The pictures are to be left out when the listing below is reproduced word for word.

- TASK INPUT:
-- -- --

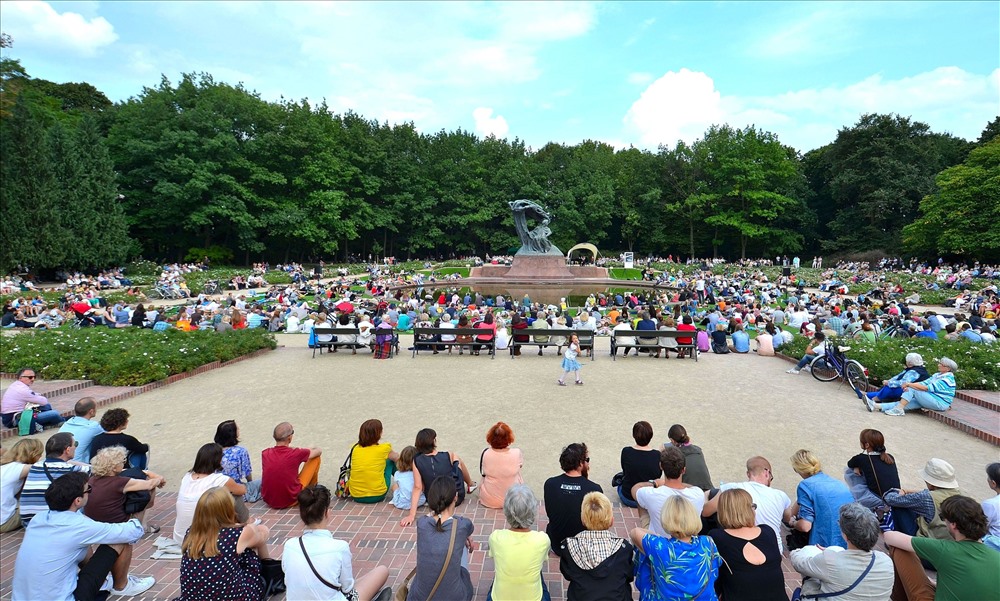 Nghe nhạc Chopin bên tượng đài Chopin tại Công viên Hoàng gia thủ đô Warszawa, Ba Lan.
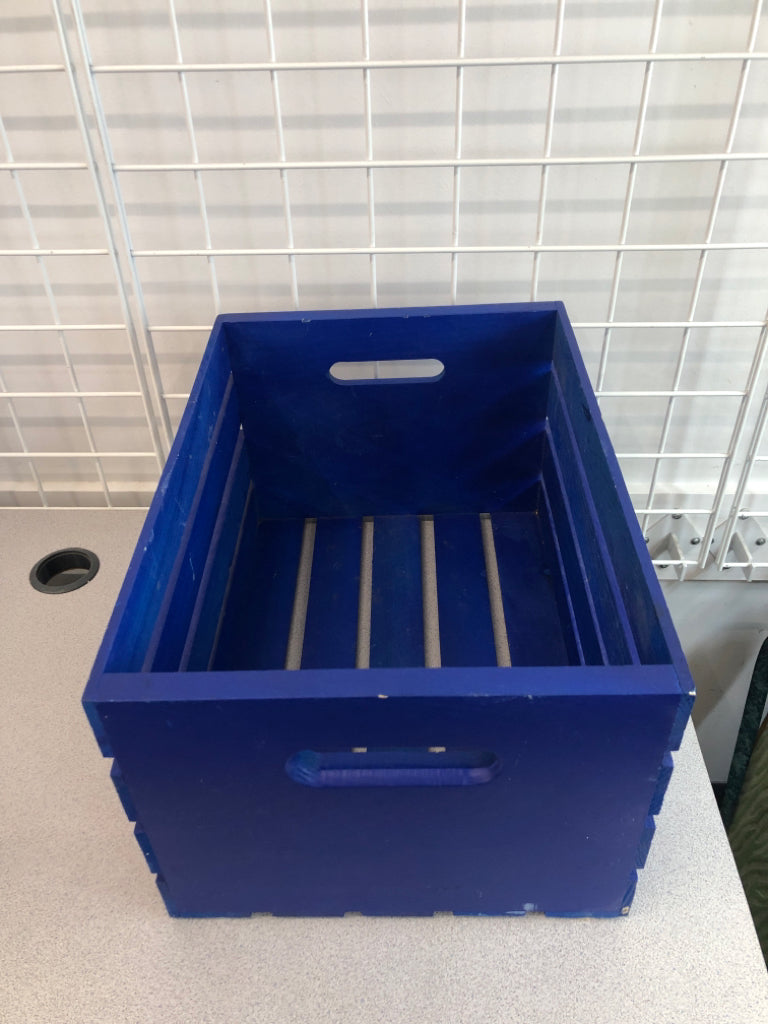 BLUE WOODEN CRATE.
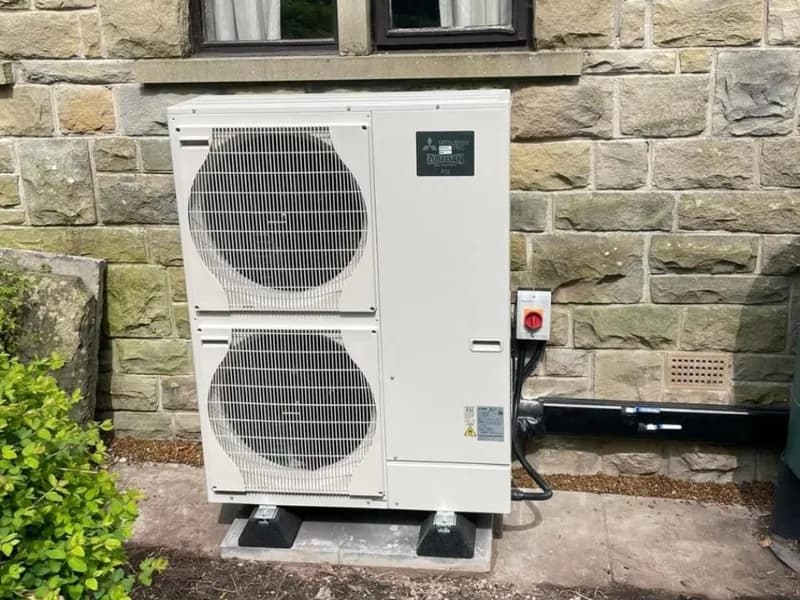 A twin-fan Mitsubishi Electric Zubadan air source heat pump against a Yorkshire stone house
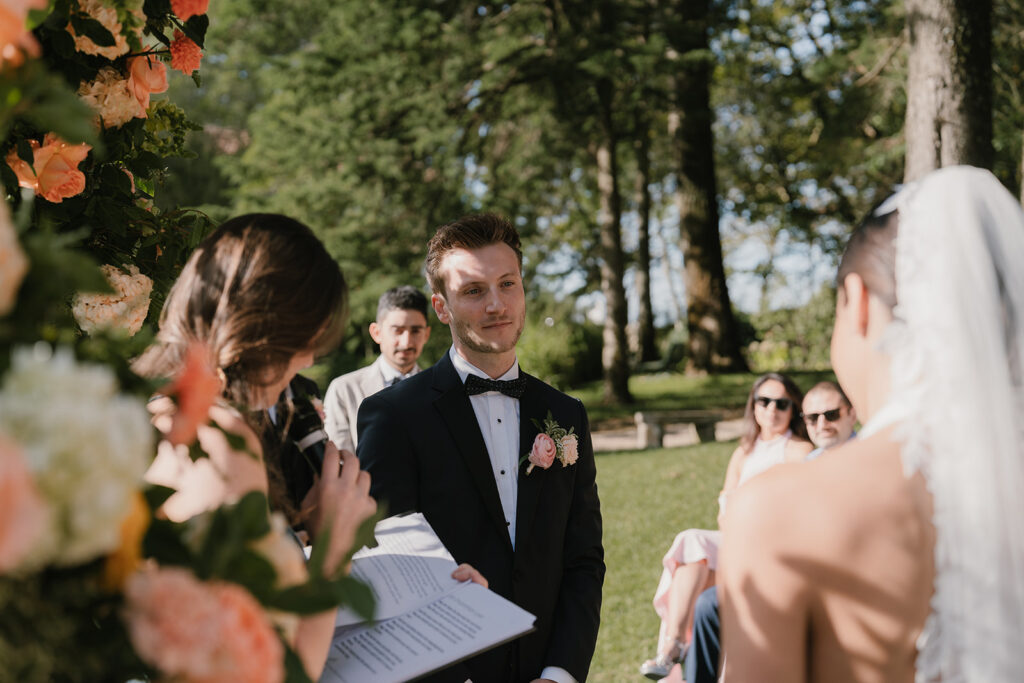 The groom, in a black tuxedo and bowtie, looks toward his bride during an outdoor ceremony, framed by flowers in the foreground.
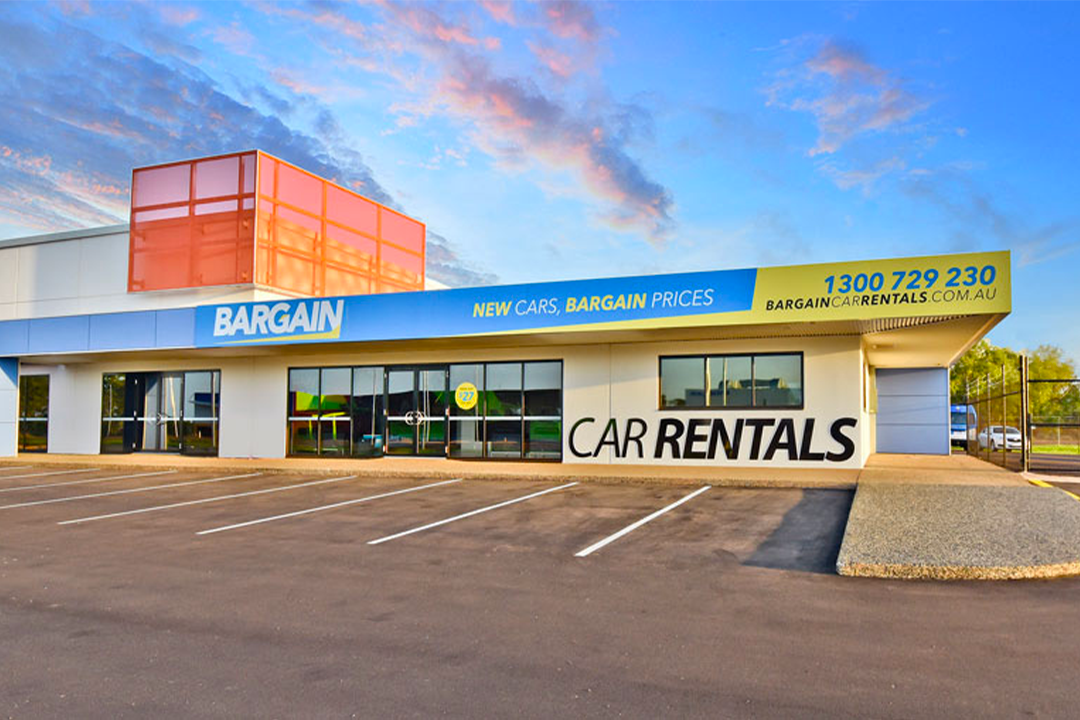 A parking lot outside Bargain Car Rentals.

-- -- --

- SOLUTION FOR THIS PROBLEM:
 Nghe nhạc Chopin bên tượng đài Chopin tại Công viên Hoàng gia thủ đô Warszawa, Ba Lan.
 BLUE WOODEN CRATE.
 A twin-fan Mitsubishi Electric Zubadan air source heat pump against a Yorkshire stone house
 The groom, in a black tuxedo and bowtie, looks toward his bride during an outdoor ceremony, framed by flowers in the foreground.
 A parking lot outside Bargain Car Rentals.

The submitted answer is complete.